Francisco López Seivane
Hay cosas que parecen y otras que son .
Distinguir cabalmente
la apariencia de la esencia, no es tarea
fácil, pero sí provechosa.
¿Es posible diferenciar la crítica
honesta de la vituperación maliciosa, la
indignación de la ira, el desdén de la
envidia o el rechazo legítimo de los
celos? A estas actitudes las distingue
únicamente la textura del alma, porque
la acción es siempre mecánica y
responde a una fuerza soberana que la
anima. Así, lo que en un hombre íntegro
es sana indignación, en el mezquino
puede ser cólera impotente. Todo se
reduce a un juego de intenciones.
No hay espectáculo más patético que
el que ofrece quien pretende ser lo que
no es. Condenándose a la hipocresía y a
la mentira se exilia de sí mismo para
errar de por vida en un universo ficticio,
desconectado de su propia realidad y
carente de toda consistencia.
No es fácil el oficio de vivir
dignamente, no. Uno ha de crear su
propio personaje y dotarle de
verosimilitud y altura, lo que implica
una renuncia constante a la ventaja en
aras de la ética, que es algo así como el
fair play del espíritu. Desde luego,
resulta mucho más tentador revestirse de
una ética aparente y jugar sucio tras el
parapeto de la imagen. Muchos son los
males de nuestra sociedad y muchas las
soluciones que se aportan en el mayor
despliegue de frivolidad que han
conocido los siglos, pero si hay un paso
esencial que dar para recuperar la
dignidad y la autoestima de la especie y
terminar con el nefasto culto a la
imagen, es el rearme ético.
¿Y en qué consiste la ética? Ante
todo, en la autenticidad. ¿Y qué es la
autenticidad? La transparencia del
espíritu, la verdad (satia). Hay que ser
idénticos en el pensamiento, la palabra y
la obra. No es posible convivir
pensando de una manera, hablando de
otra y actuando de una tercera. Habría
que citar también la no violencia
(ahimsa), como estilo ético de vida.
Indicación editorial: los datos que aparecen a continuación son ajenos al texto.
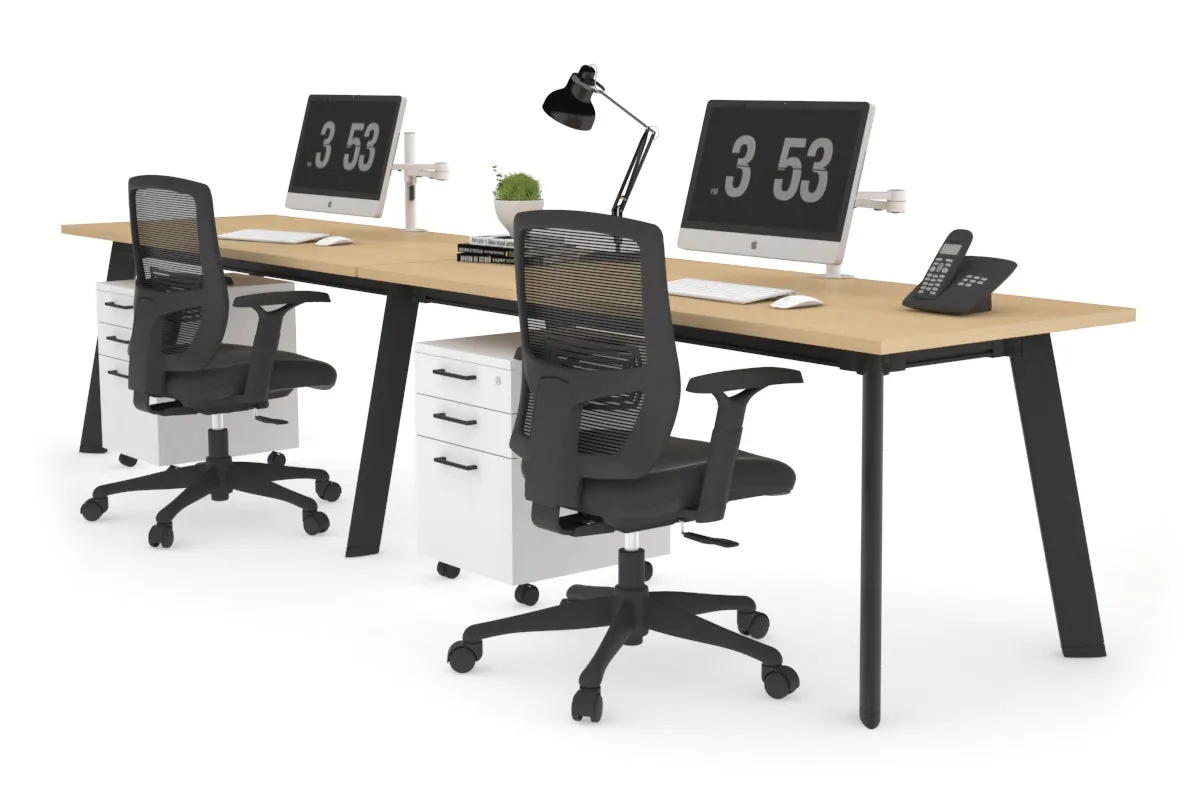 Switch - 2 Person Office Workstation Run [1400L x 700W]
No
puede haber ética en la violencia, que es
la grosera reacción del ego desairado,
como tampoco la hay en las formas
engañosamente blandas con que muchos
esconden su pavor a aceptar
responsabilidades y mantener unos
principios. La no violencia requiere la
mayor bravura porque implica no
deponer la firmeza del criterio y la
postura, aun ante la injusticia, la
intransigencia y la provocación. Para
muchos, hoy, la no violencia se reduce a
otra moda, a una mera cuestión estética,
pero para quien bien la entiende llega
mucho más lejos; es el resultado de una
ecovisión en la que nada ni nadie se
considera aislado del resto ni, por tanto,
es susceptible de ser juzgado,
condenado y destruido con abstracción
del contexto. La no violencia representa
la sabiduría de deshacer los nudos
contra la furia de romper la cuerda.
Finalmente, la continencia
(brahmacharia), es la virtud que
modera la pasión y encauza el empuje
desbordante de los deseos. Si éstos no
se encauzan, toda ética es ficticia. Nadie
está libre de impulsos acuciantes, cuyo
oscuro y primitivo origen se esconde en
las profundidades del subconsciente.
Esa posesividad que nos empuja a
apropiarnos de cuanto nos place (¿tal
vez porque albergamos un Rey Supremo
en lo más recóndito del Ser?), debe ser
templada con el ejercicio de la
discriminación. Dar rienda suelta a las
fuerzas desatadas del hombre sólo lleva
al caos. La civilización consiste
precisamente en domeñar las fuerzas
inferiores con el desarrollo de la razón y
otras facultades superiores.
De acuerdo, la represión a ultranza
es traumática e indeseable, pero una
convivencia ética obliga a un esfuerzo
razonable para someter los oscuros
instintos egoístas y potenciar las
actitudes generosas. Nuestra sociedad
permisiva ya está dando suficientes
muestras de hastío y alarma ante la
hecatombe que ha supuesto la necia
implantación de una ética descabellada
y acomodaticia, tal vez como reacción
pendular a la hipócrita represión sufrida
en recientes tiempos pretéritos.
¿Habremos aprendido ya que la ética no
puede imponerse, puesto que es una
actitud soberana e individual?
No es preciso escuchar sólo la voz
de las instituciones. Todo individuo es
plenamente libre y capaz para
reconciliarse consigo mismo y renunciar
al desasosiego de un espíritu a la deriva,
tomar las riendas de su propia existencia
e imponerse la disciplina ética que
canalice su esfuerzo hacia metas
generosas de bienestar individual y
colectivo, recuperando así su dignidad
humana.
Paralelamente, el culto a la imagen,
la hipocresía y la apariencia mentirosa
que blanquean muchos estercoleros han
quedado marginados hasta morir por si solos.